Por Redação | 09.05.2016 às 13:52

A Nexusguard, especialista em soluções de combate a ataques de negação de serviço (DDoS), divulgou nesta segunda-feira (9) a nova edição de seu relatório trimestral de ameaças, referente ao 1º trimestre de 2016.

O estudo mostra um forte crescimento de ataques de DDoS no Brasil, com um aumento de 58% nas ações. Com isso, o país subiu três posições no ranking, atingindo 5.823 ataques e avançando para a terceira colocação. De acordo com o levantamento, nada menos que 1.290 dessas ações tiveram como alvo endereços de IP referentes à operadora de telefonia Claro.

No topo do ranking aparecem Estados Unidos e China, que voltaram, respectivamente, às 1ª e 2ª posições, registrando mais de 49 mil ataques combinados. Já a Turquia, que liderou a edição anterior do levantamento, deixou de integrar a lista do Top 10, o que reforça a análise prévia da Nexusguard de que o pico de ocorrências no último trimestre de 2015 estava relacionado às tensões políticas entre a Turquia e a Rússia.
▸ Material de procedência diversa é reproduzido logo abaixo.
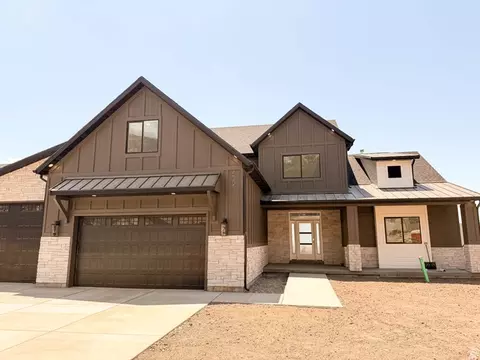 619 E Mountain Rd N, North Ogden, UT 84414
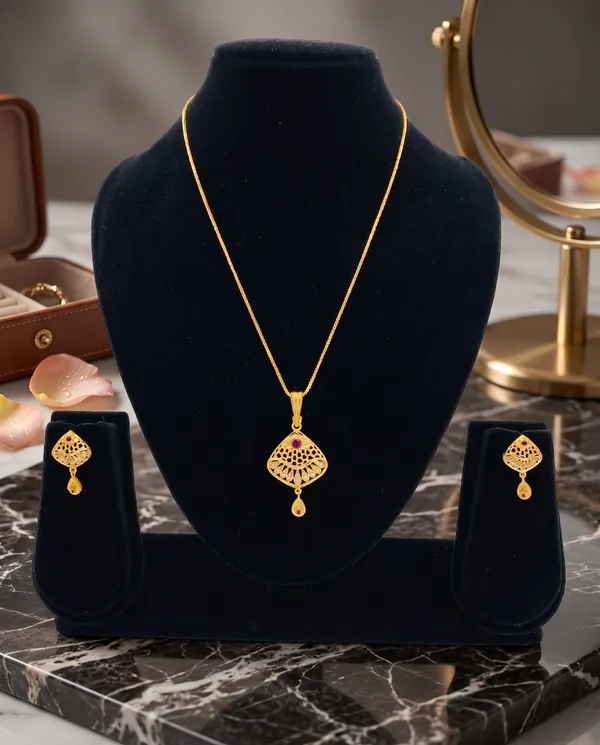 Gold_Plated_Filigree_Design_Pendant_Set_With_Matching_Earrings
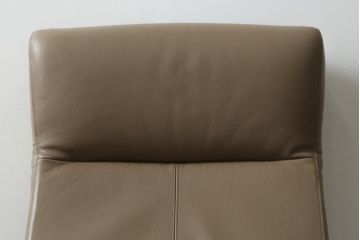 中古　カリモク家具(karimoku)　ザ・ファースト(THE FIRST)　RU71　上質なくつろぎの時間を演出するリクライニングチェア(リクライニングソファ、リクライナー、アームチェア、回転チェア、1人掛け、一人掛け)(R-075773)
Os países do Oriente Médio registraram um aumento de mais de 80% no número de ataques nos primeiros três meses de 2016. Segundo os pesquisadores responsáveis pelo estudo, o aumento da tensão na região deve motivar novos ataques virtuais.

A pesquisa também identificou que a maioria dos ataques durou menos de 10 minutos. Essa redução no tempo de duração pode estar relacionada à adesão, cada vez maior por parte de criminosos, ao aluguel de serviços para ataques de DDoS. Assim, especialistas da Nexusguard recomendam que empresas implementem sistemas de monitoramento capazes de detectar eventos em segundos.

"O aumento na contratação de serviços para ataques de DDoS está mudando consideravelmente o cenário das ameaças. As organizações precisam garantir que seus sistemas de rede estejam aptos a lidar com as novas classes de ataques", afirma Terrence Gareau, cientista-chefe da Nexusguard.

Para coletar os dados do estudo, a Nexusguard analisou uma rede de dispositivos vulneráveis a novas ameaças virtuais, identificando tendências e tipos de ataques, duração, origens e outras características, com o objetivo de informar empresas de diversos setores sobre os mais recentes métodos de atuação.